# Kittens!



## TrinityRanch (Mar 26, 2013)

Maybe not as cute as the goats, but I wanted to share the 6 little sweetheart mousers-to-be that our cat had! Our calico girl Foxy had kittens three weeks ago and they are way too adorable . Such a variety that calicos can have!! (Side note: We _are _getting her spayed when the kittens are gone, and they will all have homes.) Here they are today --

Rusty: #1, flame point male :boy:









Hershey: #2, calico female :girl:









Kiss: #3, calico female :girl:









Victoria: #4, seal point female :girl:









Dolly: #5, black female :girl:









Titus (with my baby toy, Titus): #6, red male :boy:


----------



## thegoatgirl (Nov 27, 2011)

Super cute!! <3


----------



## ksalvagno (Oct 6, 2009)

They are adorable!


----------



## StarMFarm (Jan 17, 2013)

I just love number four  Such sweet little faces!


----------



## goatiegirl (Jan 7, 2013)

Awwww!

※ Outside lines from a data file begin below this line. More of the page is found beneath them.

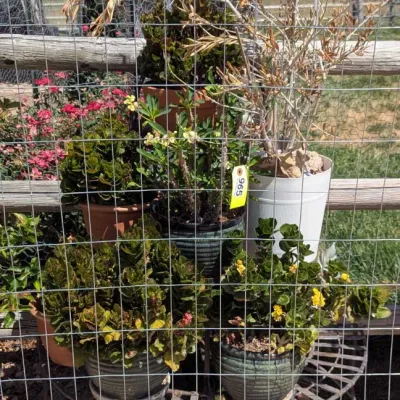 Sale Photo Thumbnail #1171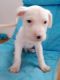 American Pit Bull Terrier Puppies for sale in East Chicago, IN, USA. price: $250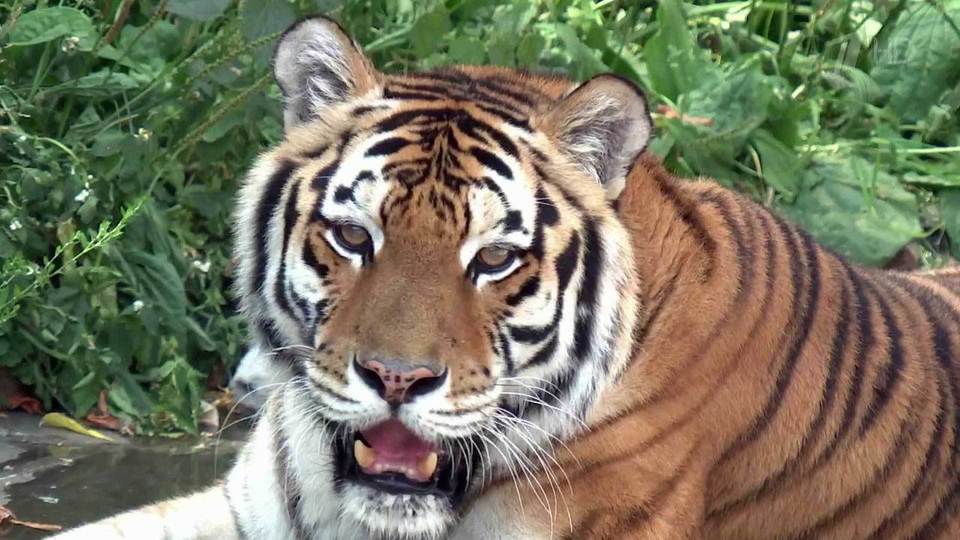 Международный день тигра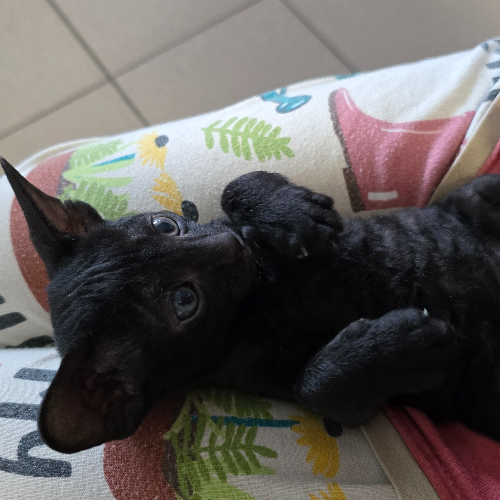 Foto van de poes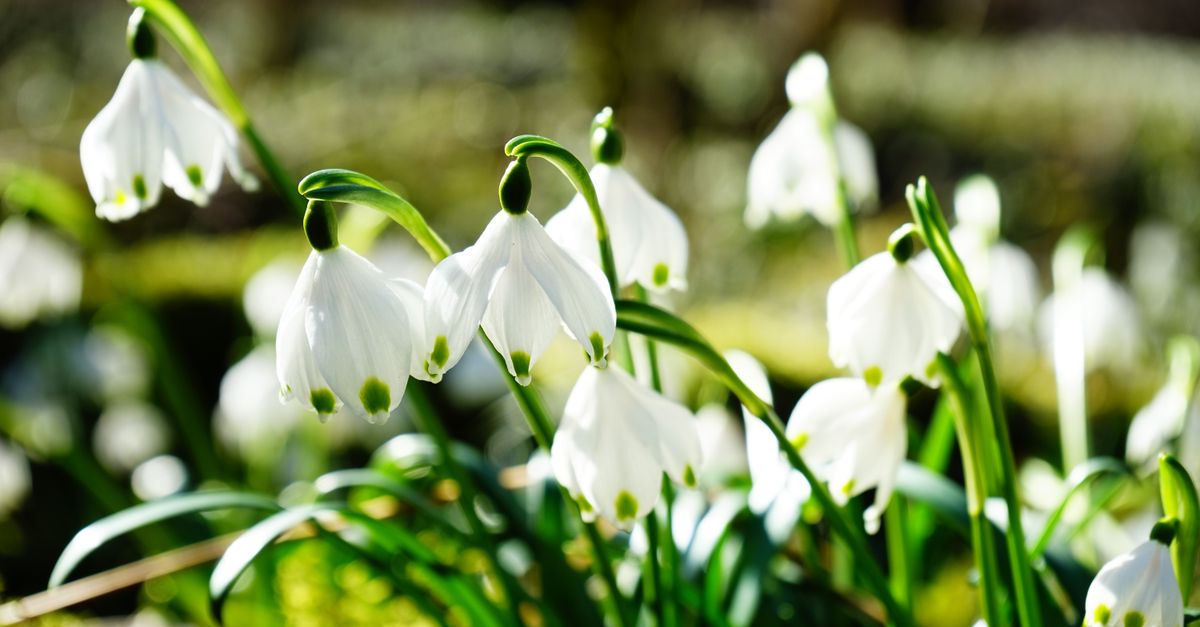 Muguet Porte-Bonheur : Culture & Traditions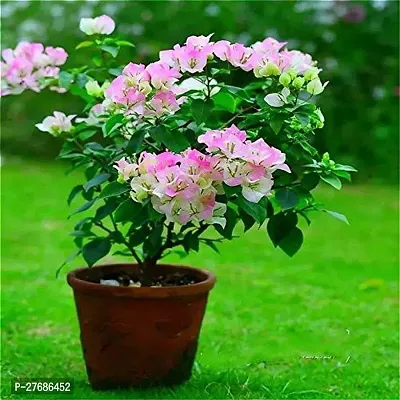 Zomoloco Bq01 Bougainvillea Plant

Such cuties!! I might need to get a mouser or two


----------



## pubgal83 (Oct 31, 2012)

I love number 4! We have four that are three weeks old as well. We will be spaying momma and three of the kittens to prevent anymore!!!


----------



## TrinityRanch (Mar 26, 2013)

So cute, I love calico tabbies!! I know what you mean. We decided that the people around our area needed mousers and we would breed our cats ONCE, but now that our other just had 4 this morning, and we have 10 kittens now, we are DONE!!! We came out with 4 calicos, 1 seal point, 1 flame point, 1 black, 1 black & white, 1 grey, and an orange!!!! I will try to get some pix of the new ones too


----------



## Goats Rock (Jun 20, 2011)

Aww, they are so cute! They are so sweet and innocent when they first get their eyes open! 
I said no more cats when the old cat died last year (17 yrs. old). But seeing baby
kitties.... hmmm!


----------



## Frosty1 (Jul 12, 2011)

Awwww, they're adorable!!! I just love Dolly.


----------



## Tayet (Feb 9, 2012)

Aww, what cuties! Our cat had 5 kittens 4 weeks ago, they are running around the house as I type


----------



## ksalvagno (Oct 6, 2009)

Now you guys are making me want a kitten! They are all too cute!


----------



## milkmaid (Sep 15, 2010)

Aww, I love kittens! They all look so cute! Tayet, that photoshopped one really tickled me!


----------



## TrinityRanch (Mar 26, 2013)

Here are the new cuties that were born yesterday. It was a long day with 4 cats and 4 goats born so I didn't get a chance to post!! And the numbers are in order of weight since we missed the birth 

#1, calico female









#2, grey male









#3, calico female









#4, black & white female


----------



## Frosty1 (Jul 12, 2011)

:'D They're adorable!!


----------



## OwnedByTheGoats (Mar 7, 2013)

Awwww... I love, love, love kitties! I think they might be cuter than baby goats! *hides under desk*

Our cat had 6 kittens once, and I got to see the birth! They were very cute. Q: How do you know their genders so soon?!?! I couldn't figure it out for the life of me!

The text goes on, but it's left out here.